La concertation citoyenne pour le pedbike de Greenbelt (Maryland, Etats-Unis)
Nacima Baron, 2014
La responsabilisation des usagers et la prise en main, par les citoyens, des programmes de planification urbaine en faveur des mobilités actives est une réalité dans de nombreuses villes du Québec, du Canada ou plus largement d’outre-Atlantique. L’investissement collectif des citoyens dans les affaires locales et la capacité d’auto-organisation des habitants d’un quartier, la possibilité d’être force de proposition, les actions collectives améliorent concrètement l’espace public. Aux Etats-Unis, aussi, une certaine forme de morale civique conduit des habitants à s’engager. Cette implication personnelle ou « committment » peut se déployer dans le domaine de l’aide sociale, dans l’action culturelle ou bien encore, et c’est le cas de cette fiche, dans les mobilités actives. L’exemple sur lequel se penche cette fiche de cas provient du témoignage et de la documentation fournie par une résidente de la municipalité de Greenbelt, membre officiel de l’Advisory Planning Board qui a participé (après quatre années de travail intense, des centaines de réunion de terrain et de concertation) à la réalisation d’un document de planification intitulé « Pedestrian and Bicyclist Plan » (en abréviation, Pedbike), officiel depuis janvier 2014. La fiche a été réalisée sur la base de l’interview à Paris de cette personne en février 2014, sur la documentation de recherche existante, liée aux recherches complémentaires de Mary Corbin Sies et sur un travail d’observation dans la ville concernée en octobre 2014.
1. Une ville très différente du modèle urbain traditionnel de « Sprawl city »
Greenbelt est une municipalité du Maryland, intégrée au George County, d’environ 40 000 habitants. La population est en majorité blanche, composée majoritairement d’employés dans les services. Elle est située dans la proche banlieue de Washington DC (à une vingtaine de kilomètres dans le cadran nord est de cette agglomération), en bordure de l’autoroute interétatique qui relie la capitale à Baltimore.
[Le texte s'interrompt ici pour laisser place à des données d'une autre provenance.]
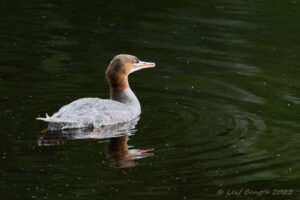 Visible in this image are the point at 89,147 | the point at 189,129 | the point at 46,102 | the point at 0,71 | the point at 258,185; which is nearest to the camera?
the point at 258,185

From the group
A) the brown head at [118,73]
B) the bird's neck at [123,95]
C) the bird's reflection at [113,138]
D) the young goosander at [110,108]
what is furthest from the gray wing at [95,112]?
the brown head at [118,73]

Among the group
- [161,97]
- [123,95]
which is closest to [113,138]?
[123,95]

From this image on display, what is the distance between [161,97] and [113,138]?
2.19 m

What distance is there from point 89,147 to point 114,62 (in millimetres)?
2542

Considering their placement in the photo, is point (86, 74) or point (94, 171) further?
point (86, 74)

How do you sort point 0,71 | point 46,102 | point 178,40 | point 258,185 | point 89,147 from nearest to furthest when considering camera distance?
point 258,185 < point 89,147 < point 46,102 < point 0,71 < point 178,40

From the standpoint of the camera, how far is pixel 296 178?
8.54 m

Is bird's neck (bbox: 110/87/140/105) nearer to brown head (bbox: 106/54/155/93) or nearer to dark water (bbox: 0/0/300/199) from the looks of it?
brown head (bbox: 106/54/155/93)

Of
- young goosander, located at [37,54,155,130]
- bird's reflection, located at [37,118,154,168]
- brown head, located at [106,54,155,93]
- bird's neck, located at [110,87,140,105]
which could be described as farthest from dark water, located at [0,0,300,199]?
brown head, located at [106,54,155,93]

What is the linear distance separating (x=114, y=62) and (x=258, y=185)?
390 centimetres

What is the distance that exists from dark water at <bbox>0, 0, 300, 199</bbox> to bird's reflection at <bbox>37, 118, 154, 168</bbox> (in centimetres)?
2

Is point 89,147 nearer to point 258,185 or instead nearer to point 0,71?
point 258,185

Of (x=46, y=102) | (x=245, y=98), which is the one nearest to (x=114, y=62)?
(x=46, y=102)

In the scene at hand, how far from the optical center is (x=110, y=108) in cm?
1065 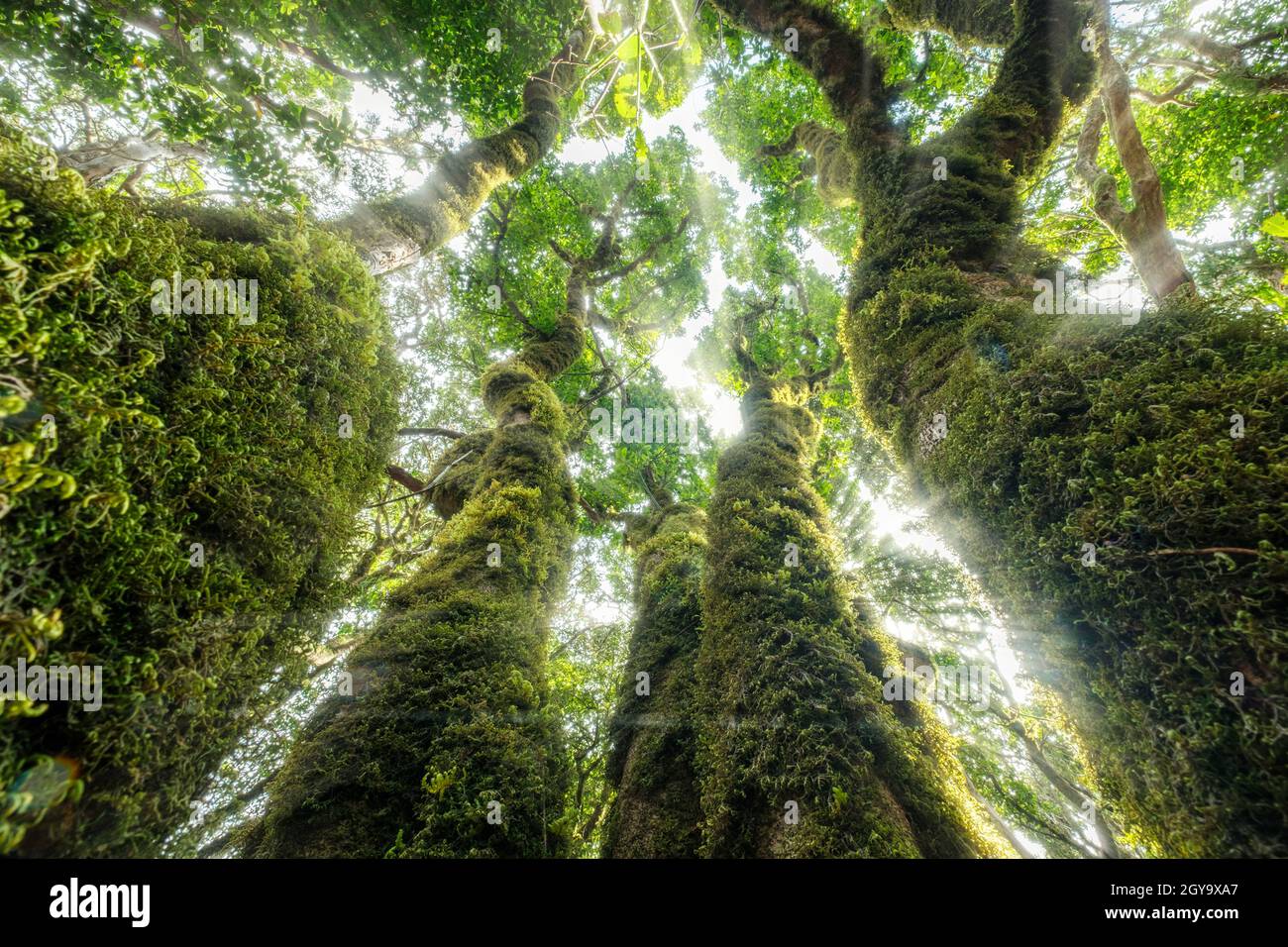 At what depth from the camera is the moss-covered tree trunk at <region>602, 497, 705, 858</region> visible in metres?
3.86

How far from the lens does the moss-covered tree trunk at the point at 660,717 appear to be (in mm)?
3855

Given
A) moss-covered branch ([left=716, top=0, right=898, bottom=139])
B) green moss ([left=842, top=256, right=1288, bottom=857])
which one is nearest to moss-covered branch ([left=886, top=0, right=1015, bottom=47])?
moss-covered branch ([left=716, top=0, right=898, bottom=139])

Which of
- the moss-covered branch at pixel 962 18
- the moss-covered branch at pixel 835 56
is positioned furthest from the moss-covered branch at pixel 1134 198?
the moss-covered branch at pixel 835 56

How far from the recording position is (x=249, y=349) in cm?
260

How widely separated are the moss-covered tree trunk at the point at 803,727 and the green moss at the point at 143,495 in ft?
10.5

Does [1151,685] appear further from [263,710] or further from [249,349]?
[249,349]

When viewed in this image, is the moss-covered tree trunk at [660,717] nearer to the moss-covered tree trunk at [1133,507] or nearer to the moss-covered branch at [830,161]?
the moss-covered tree trunk at [1133,507]

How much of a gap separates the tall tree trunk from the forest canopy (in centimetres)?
6

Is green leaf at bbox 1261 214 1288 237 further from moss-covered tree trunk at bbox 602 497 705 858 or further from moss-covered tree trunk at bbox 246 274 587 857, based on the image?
moss-covered tree trunk at bbox 246 274 587 857

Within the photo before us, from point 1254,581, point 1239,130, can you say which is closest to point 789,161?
point 1239,130

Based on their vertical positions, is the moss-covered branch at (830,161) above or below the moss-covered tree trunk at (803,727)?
above

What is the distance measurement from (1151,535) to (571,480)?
615cm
Greenbelt s’inscrit dans un paysage préservé, densément boisé. Les ensembles d’habitation sont disposés autour d’un grand lac, et de nombreux ensembles sportifs, des jardins publics les entourent, … Le lieu ne ressemble pas au prototype de la ville américaine organisée à partir d’un carroyage d’autoroutes qui encerclent des quartiers pavillonnaires sans fin. Le tissu urbain est tout à fait différent du cadre classique dans lequel s’est développé l’urbanisation américaine des cinquante dernières années, et la mentalité des habitants est également assez différente : ce qui frappe le plus est l’existence d’un modèle collectiviste qui imprègne la vie quotidienne. Une grande épicerie au centre de la ville fonctionne sous forme de coopérative, comme le journal papier de Greenbelt, gratuit depuis 70 ans et qui n’a jamais cessé d’être édité : ils appartient aux habitants eux-mêmes.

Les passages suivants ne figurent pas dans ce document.